Though the back of the 2020 paperback of La chambre bleue spoils the gimmick by giving away some of the crime scenario. I regret reading it. I suspect that La chambre bleue is one of those books best the first time through, in innocence of its plot. So I will avoid spoilers here, which means that this review may be brief.
Tony Falcone is a successful dealer in agricultural machines. He returned from Poitiers, the big city in the vicinity, to his home village, married, had a daughter (who is still very young). All has been placid till a married woman named Andrée Despierre, whom Tony has known since childhood, reveals that she has always been desperately in love with him. (Tony always assumed that Andrée, from a well-off professional family, was out of his league.) They start to meet in the "blue room" at Tony's brother's hotel, and it is at once clear that they are fabulously sexually compatible.
But Tony doesn't want to leave his wife. He knows nothing really about Andrée. Their future prospects seem to him at best a routine marriage, and he already has that. "Tu imagines ce que seraient nos journées?" Andrée asks. "On finirait par s'habituer," Tony replies (15). Do you think about what our days would be like? We'd end up getting used to it.
Fatal Attraction was still 25 years in the future. But Phaedra was almost 300 years in the past. Hell hath no fury, it seems, like a woman. Even a woman not particularly scorned. Just woman in general; La chambre bleue isn't remotely a feminist novel, rather the reverse. Andrée is implacably evil, delighted with herself, intent on getting Tony by any means possible.

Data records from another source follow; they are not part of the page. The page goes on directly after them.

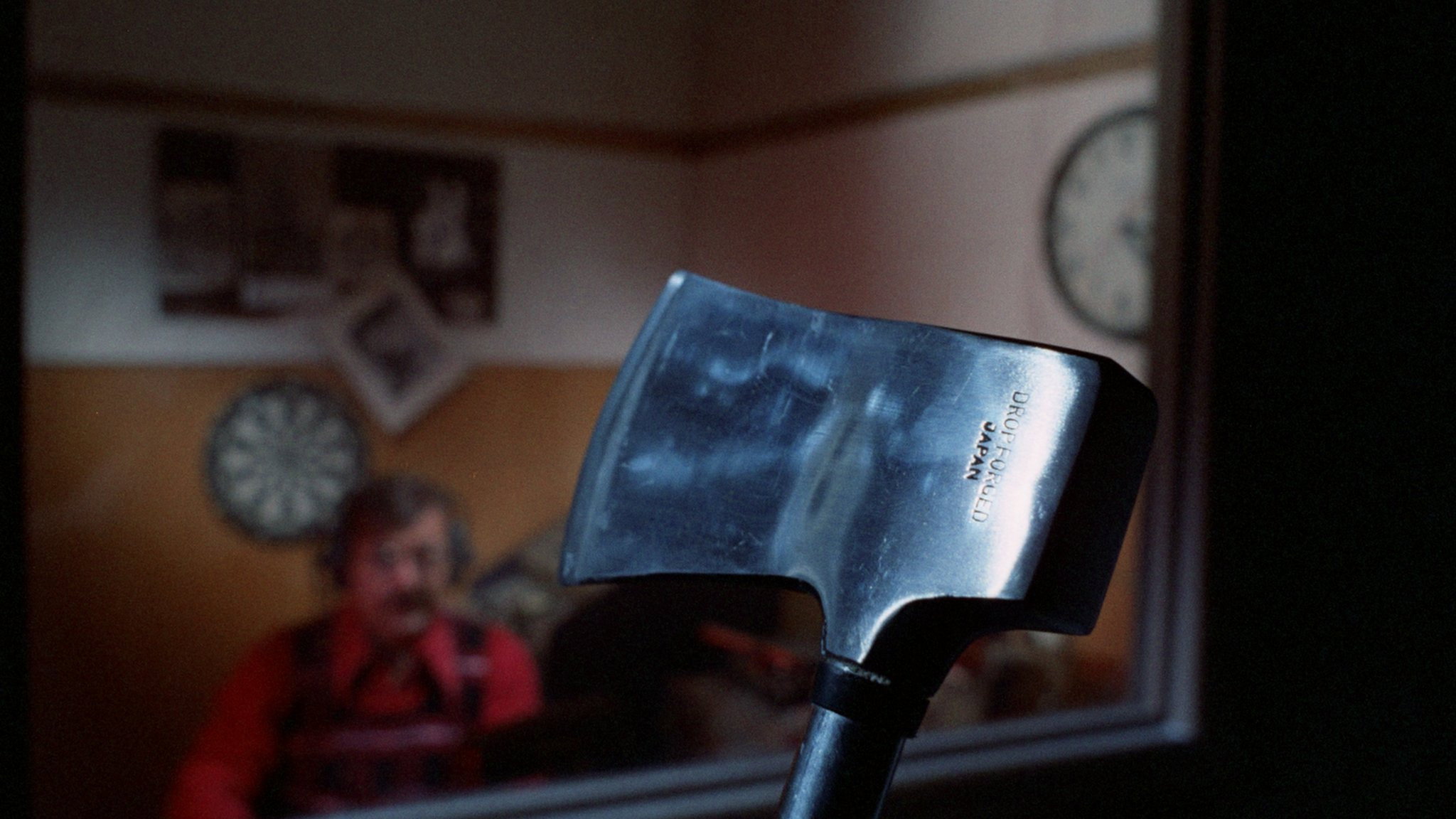 The Severed Arm scene photo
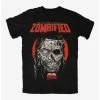Promo ⭐ Falling In Reverse Zombified Boyfriend Fit 👧 Girls T-Shirt 😍
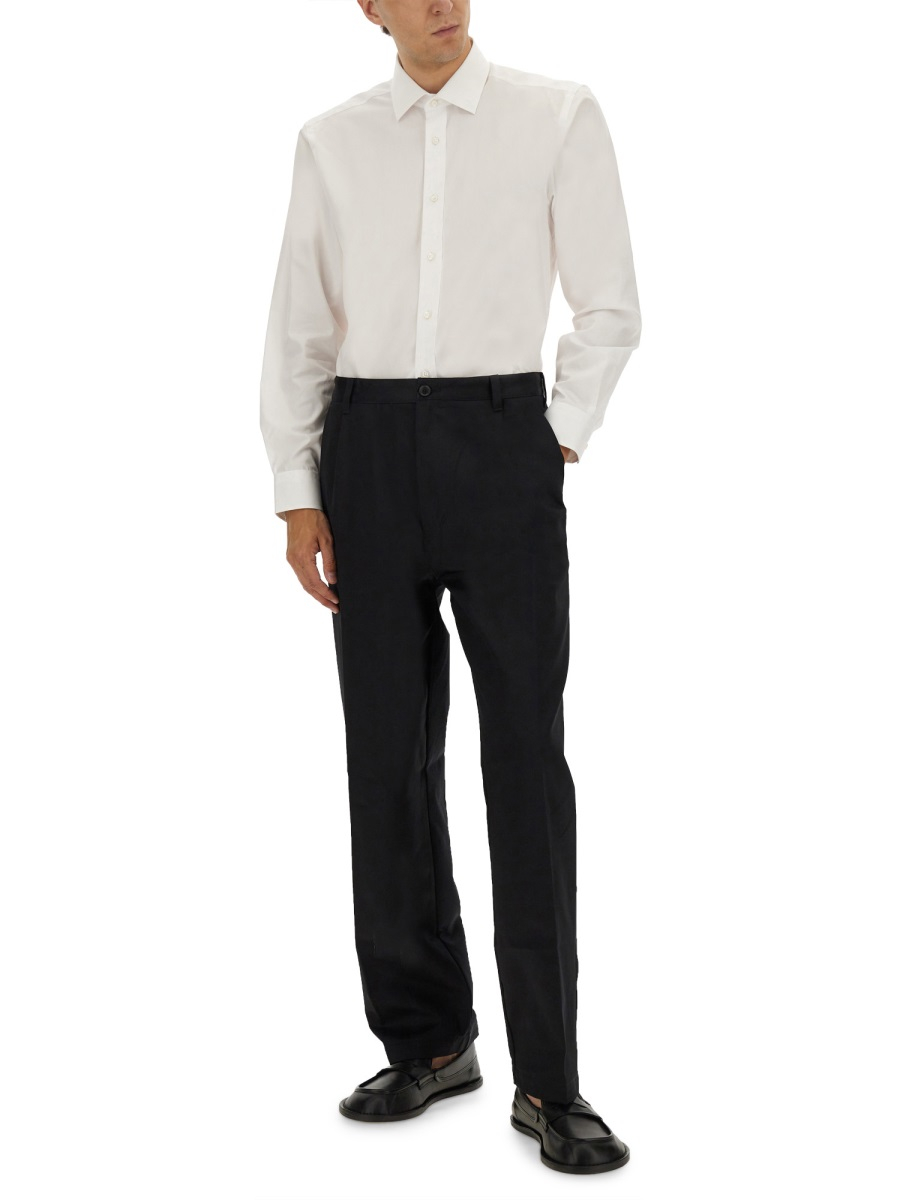 [BOSS] Shirts Long Sleeve FW25 50548799_10272419100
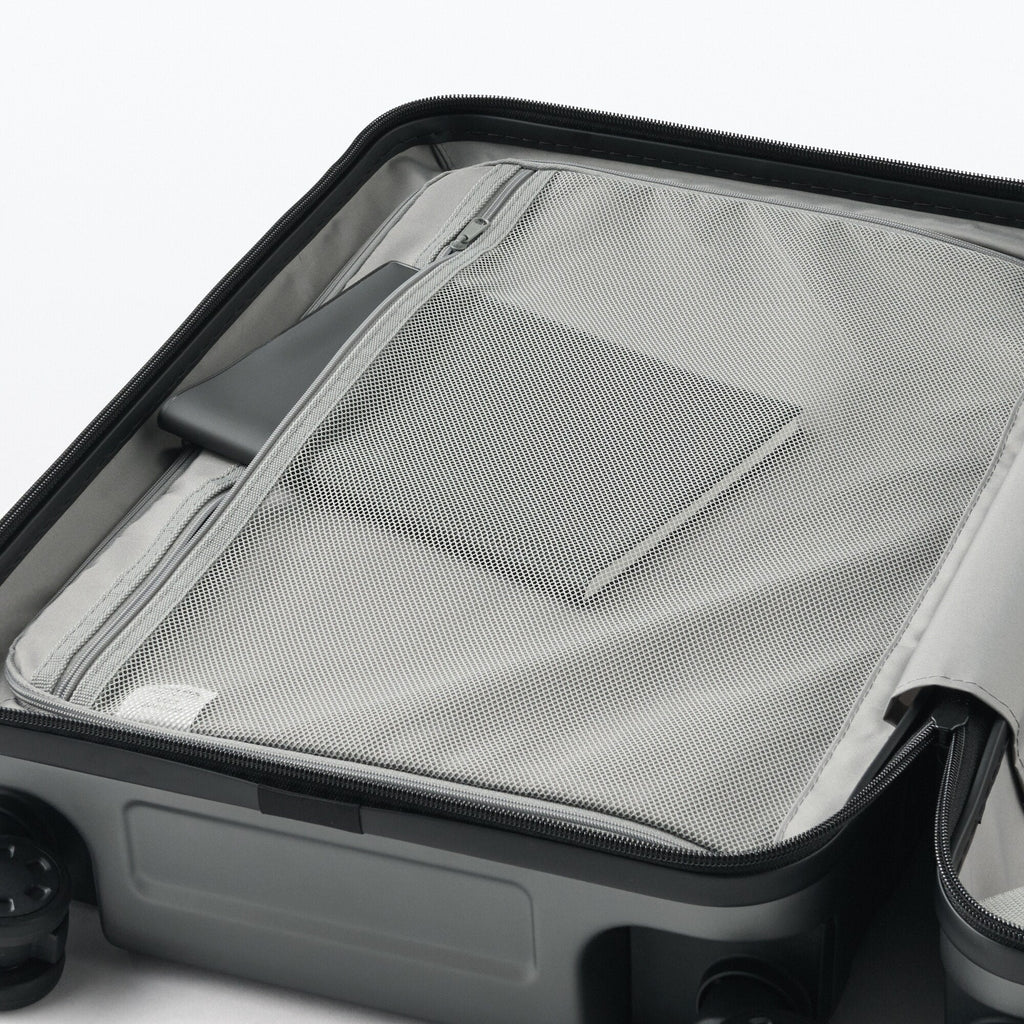 Adjustable Handle Hard Shell Suitcase 36L | Carry-On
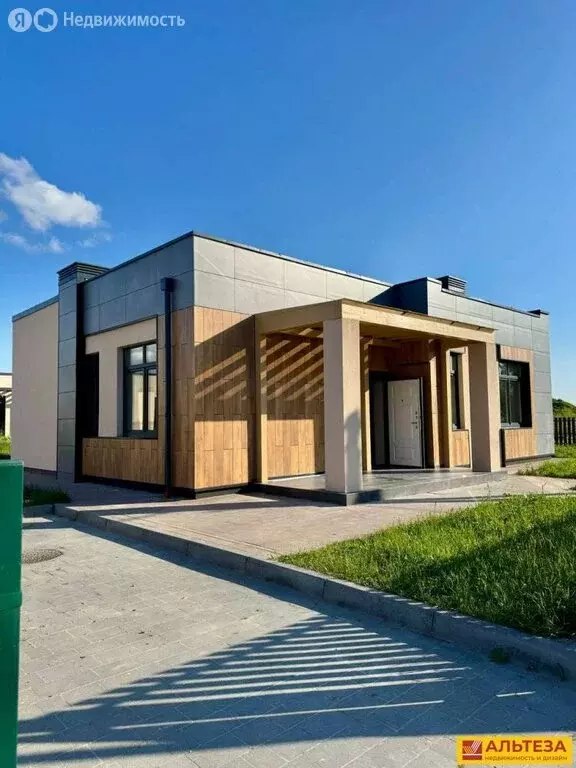 Дом в Холмогоровка, Южная улица, 36 (83.9 м) - Фото 0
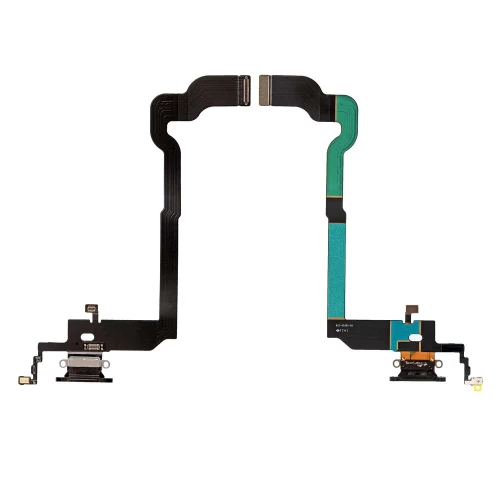 iPhone X Charging Port and Microphone (Flex Cable)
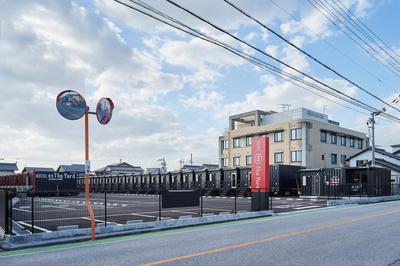 HOTEL R9 The Yard Nagahama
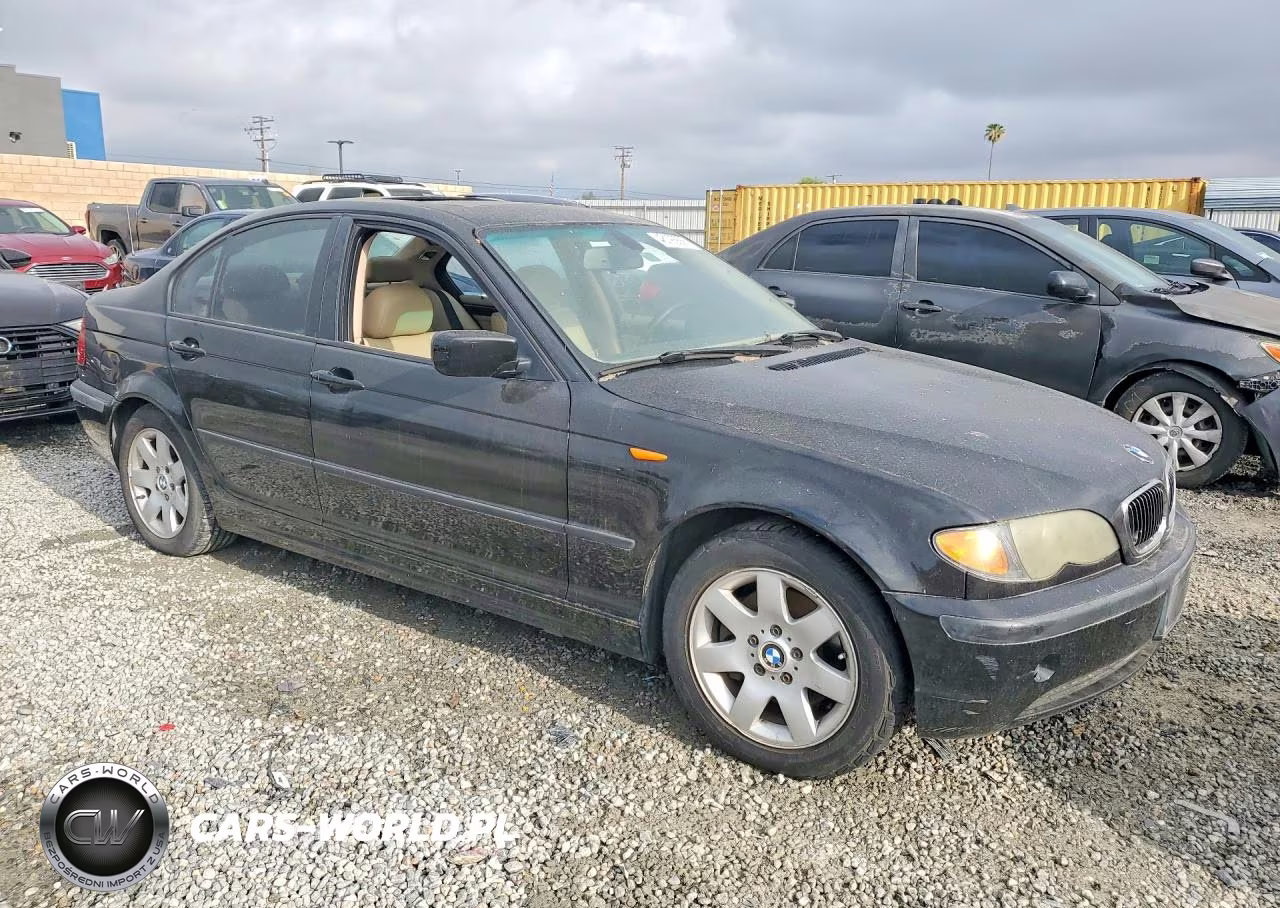 2005 BMW 325 I VIN:WBAEV33415KW20520 - 4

Yet if Andrée is sort of one-note, the novel isn't much about her. It is about Tony, under interrogation, constantly replaying crucial turning points from his recent past, admitting some things, lying about others. The novel is told from Tony's point of view, though not in the first person. Thus he is not an unreliable narrator; let's call him an unreliable reflector. La chambre bleue, despite some of its stock elements, is a compelling investigation of Tony's psyche.
Simenon, Georges. La chambre bleue. 1964. Pais: Presses de la Cité, 2020.